Dot!R dt(alias fun, T, R)(Dot!T t){
 auto f = cast(R function(T)) unaryFun!fun;
 return t.dot!R(f);
}
[...]

the problem is the template can't automatically determine the type "R". All the template parameters need to be resolvable from the arguments you pass into it, R is something magic where it doesn't know where it comes from.

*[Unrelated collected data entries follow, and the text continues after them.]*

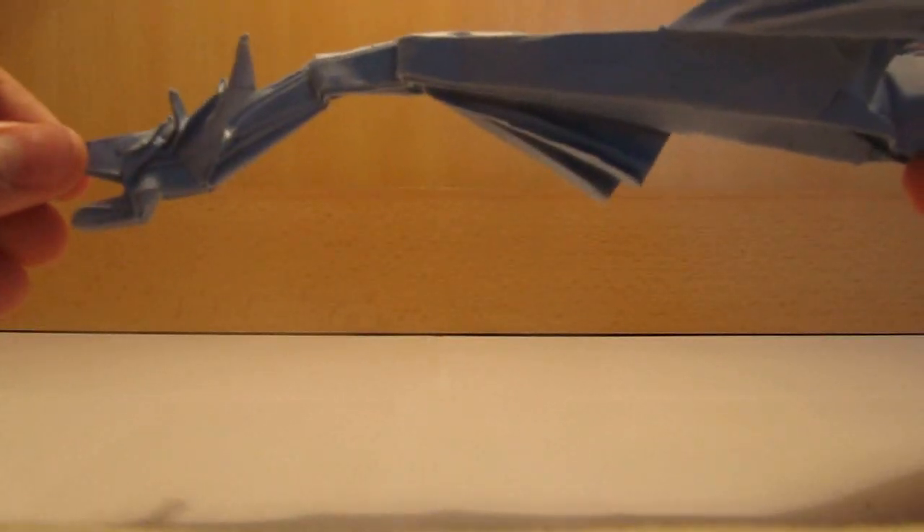This is an origami Leviathan by Tadashi Mori. It's a very cool model with many details. It's a beautiful model.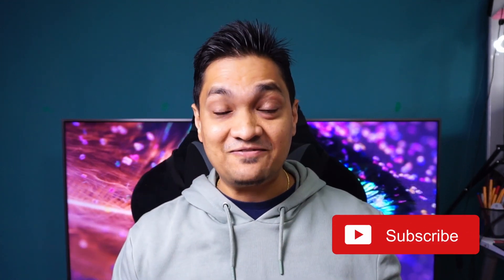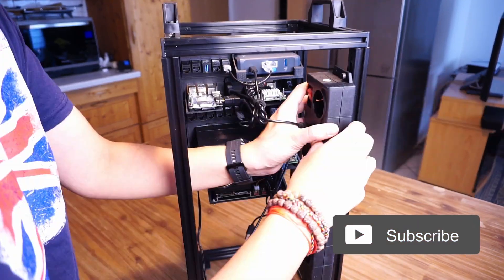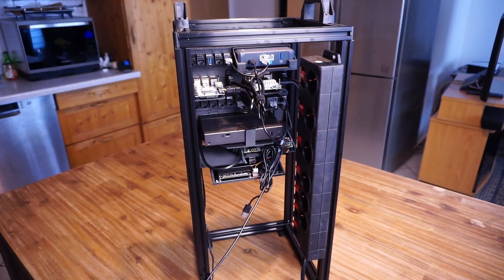To power all these devices, I added a power strip that supports 6 devices and attached it to the rack using the same M5 screws used to hold the rack mounts.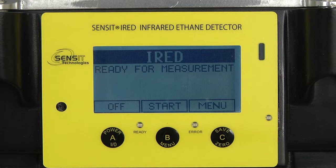Once the iRip is warmed up, it will arrive at its work display and give you three options: off, start a sample, or the menu option.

To keep the R like you want to right now you can do the following:

Dot!(typeof(unaryFun!fun(T.init))) dt(alias fun, T)(Dot!T t){
        return t.dot(t => unaryFun!fun(t));
}
or
Dot!R dt(alias fun, T, R = typeof(unaryFun!fun(T.init)))(Dot!T t){
        return t.dot(t => unaryFun!fun(t));
}

Note that this might instantiate unaryFun twice though. The second alternative here allows users to overwrite R and just provides a default (might have useful use cases too)


Alternatively a lot easier would be to just return auto and do:

auto dt(alias fun, T)(Dot!T t){
        return t.dot(t => unaryFun!fun(t));
}

This doesn't allow users to overwrite the return type exactly but it simplifies implementation and doesn't look like it would generate any double instantiation.